Start of Block
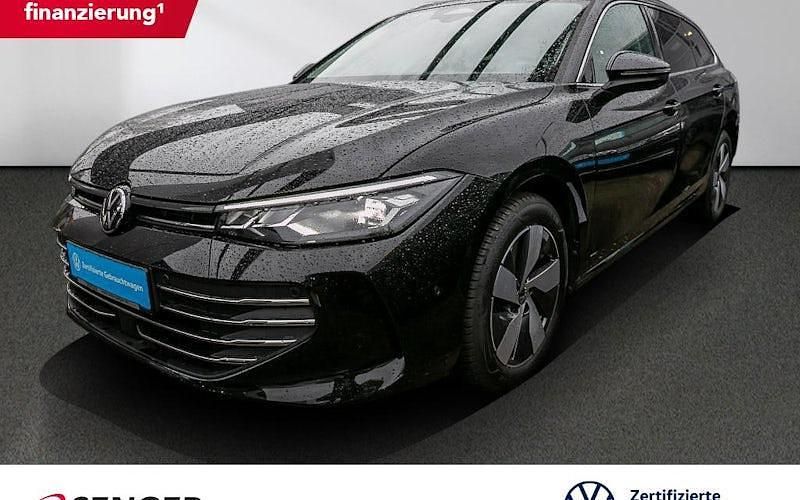 Grenadillschwarz metallic Gebraucht 2025 VW Passat Business Kombi | 34.880 € (Etwas zu teuer) - Bild 1/4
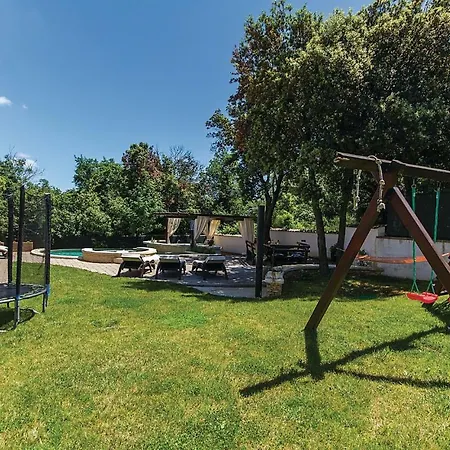 Cozy In With Outdoor Swimming Pool * Pula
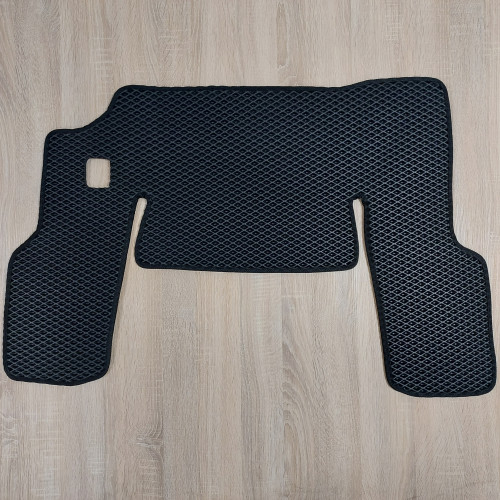 Коврик ЕВА МТЗ-1025/1221 черный (ромб) в ассортименте (на резиновый толстый коврик с бортиками)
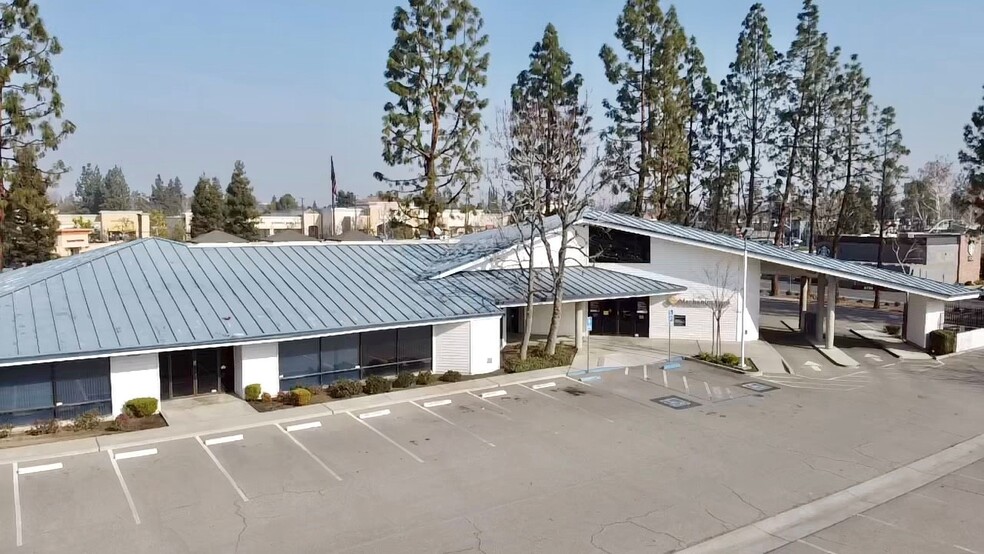 5151 Stockdale Hwy, Bakersfield, CA for lease - Building Photo - Image 2 of 11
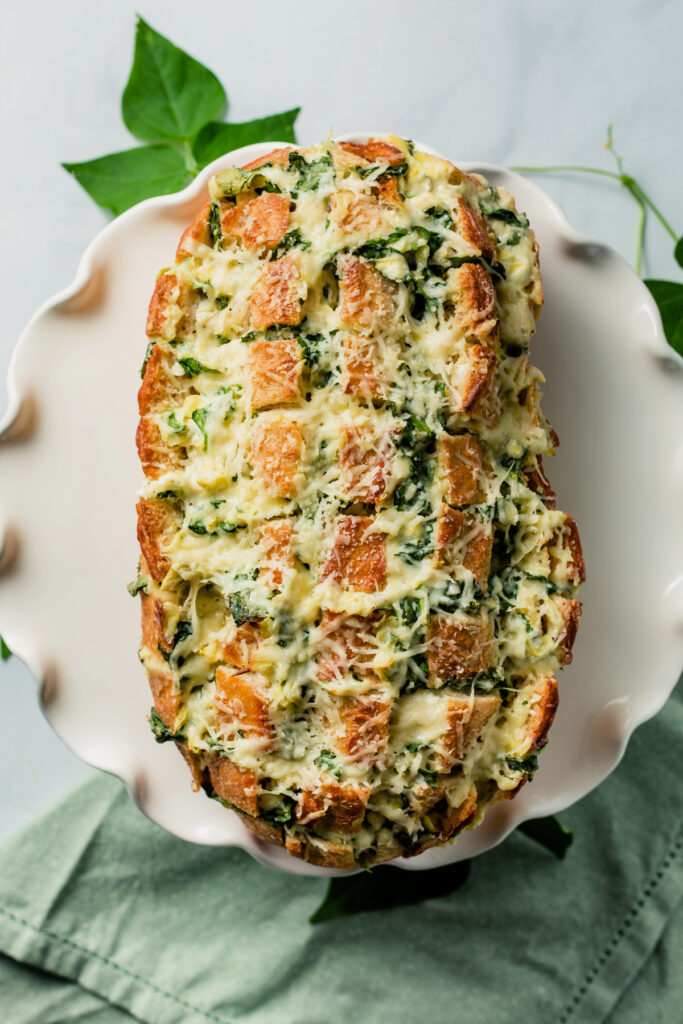 spinach artichoke cheesy pull apart bread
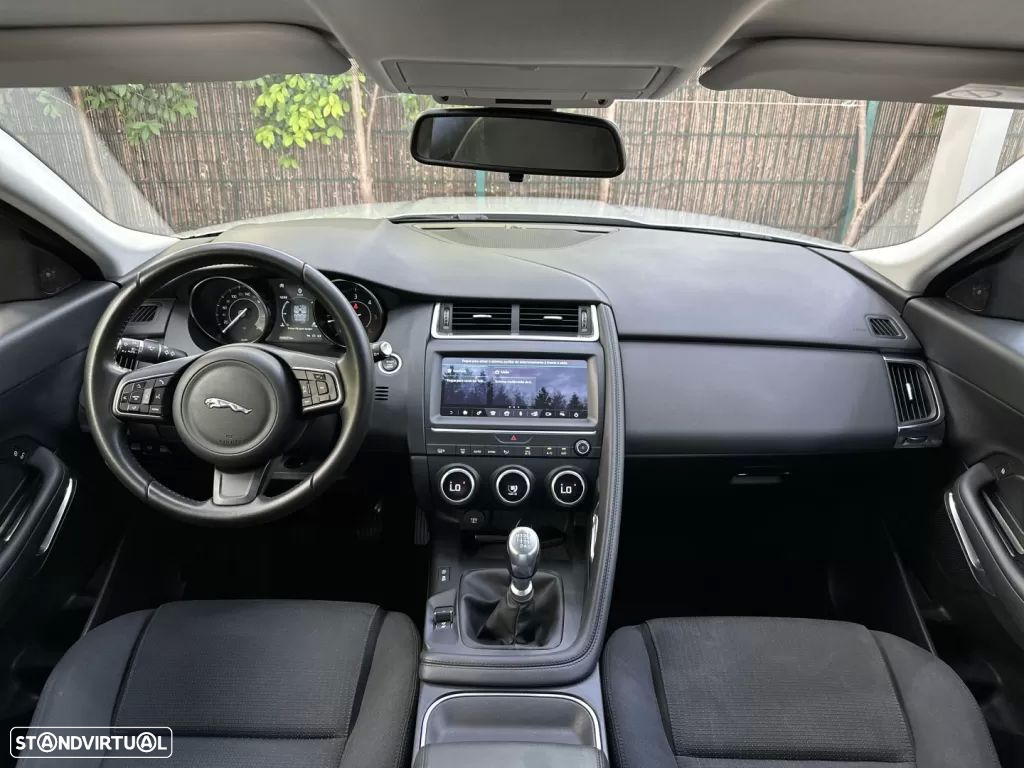 Jaguar E-Pace 2.0 i4D - 12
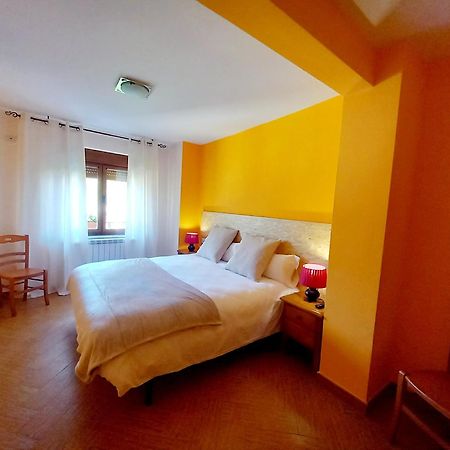 Velilla del Rio Carrion Hotel Rural Orquidea מראה חיצוני תמונה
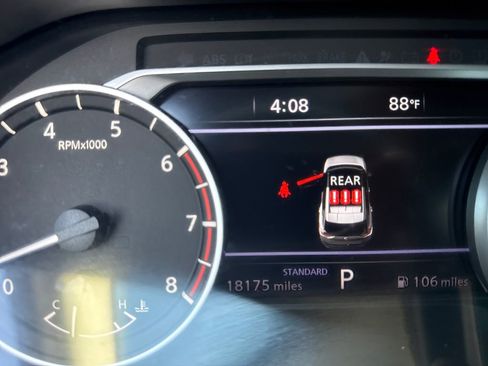 Used 2023 Nissan Rogue SL w/ SL Premium Package FWD image 28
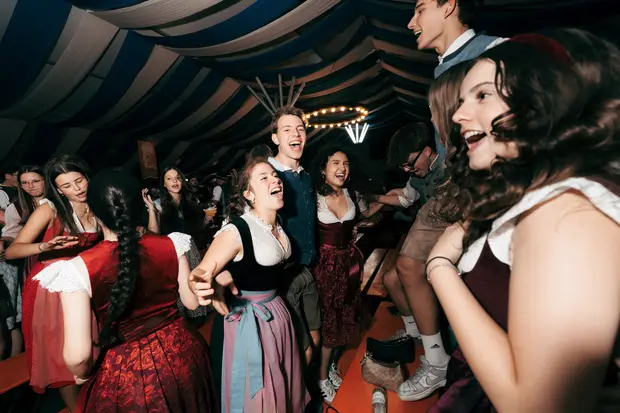 Schmalzlerfest Perlesreut 2026 Umzug, Bieranstich, Perlesreuter BleMUSI Foto 2602238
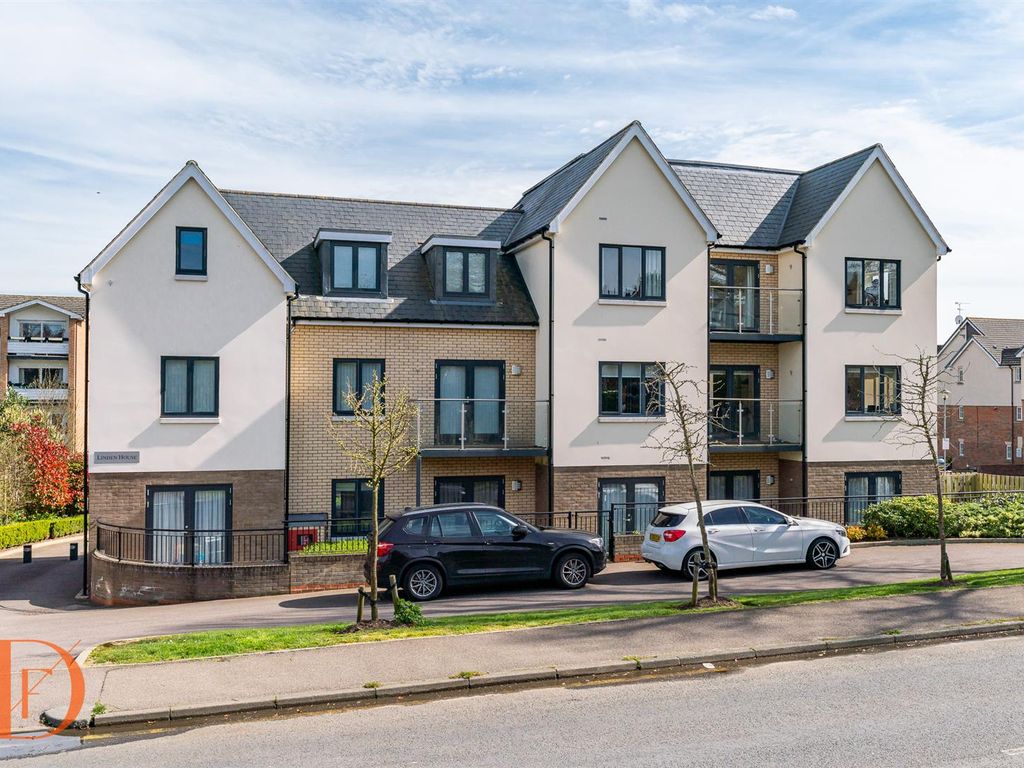 Centre Drive, Epping CM16  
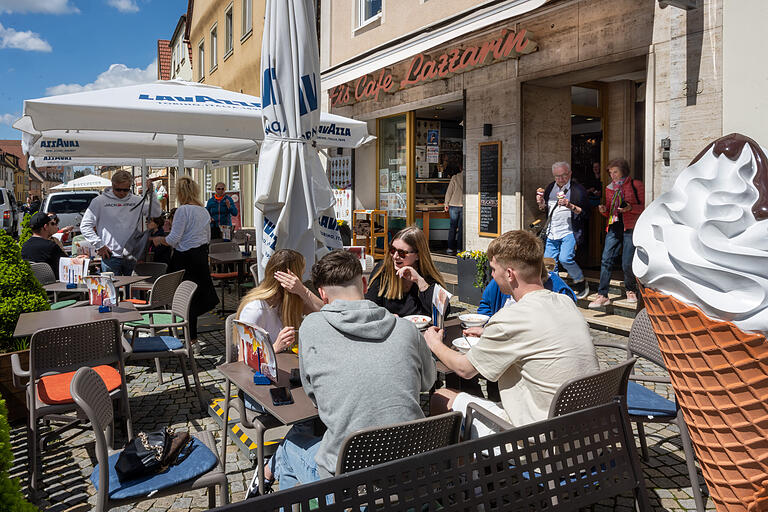 Die Empfehlung des Hauses ist beim Eis Cafe Lazzarin in Haßfurt die Sorte Stracciatella.&nbsp;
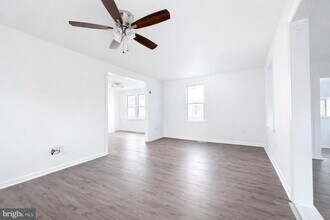 608 Bethel Ave in Aston Township, PA - Building Photo - Building Photo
End of Block
• [Work item]
An exact reproduction of the data is required, with pictures excluded.

• [Finished task]
 Grenadillschwarz metallic Gebraucht 2025 VW Passat Business Kombi | 34.880 € (Etwas zu teuer) - Bild 1/4
 Cozy In With Outdoor Swimming Pool * Pula
 Коврик ЕВА МТЗ-1025/1221 черный (ромб) в ассортименте (на резиновый толстый коврик с бортиками)
 5151 Stockdale Hwy, Bakersfield, CA for lease - Building Photo - Image 2 of 11
 spinach artichoke cheesy pull apart bread
 Jaguar E-Pace 2.0 i4D - 12
 Velilla del Rio Carrion Hotel Rural Orquidea מראה חיצוני תמונה
 Used 2023 Nissan Rogue SL w/ SL Premium Package FWD image 28
 Schmalzlerfest Perlesreut 2026 Umzug, Bieranstich, Perlesreuter BleMUSI Foto 2602238
 Centre Drive, Epping CM16  
 Die Empfehlung des Hauses ist beim Eis Cafe Lazzarin in Haßfurt die Sorte Stracciatella.&nbsp;
 608 Bethel Ave in Aston Township, PA - Building Photo - Building Photo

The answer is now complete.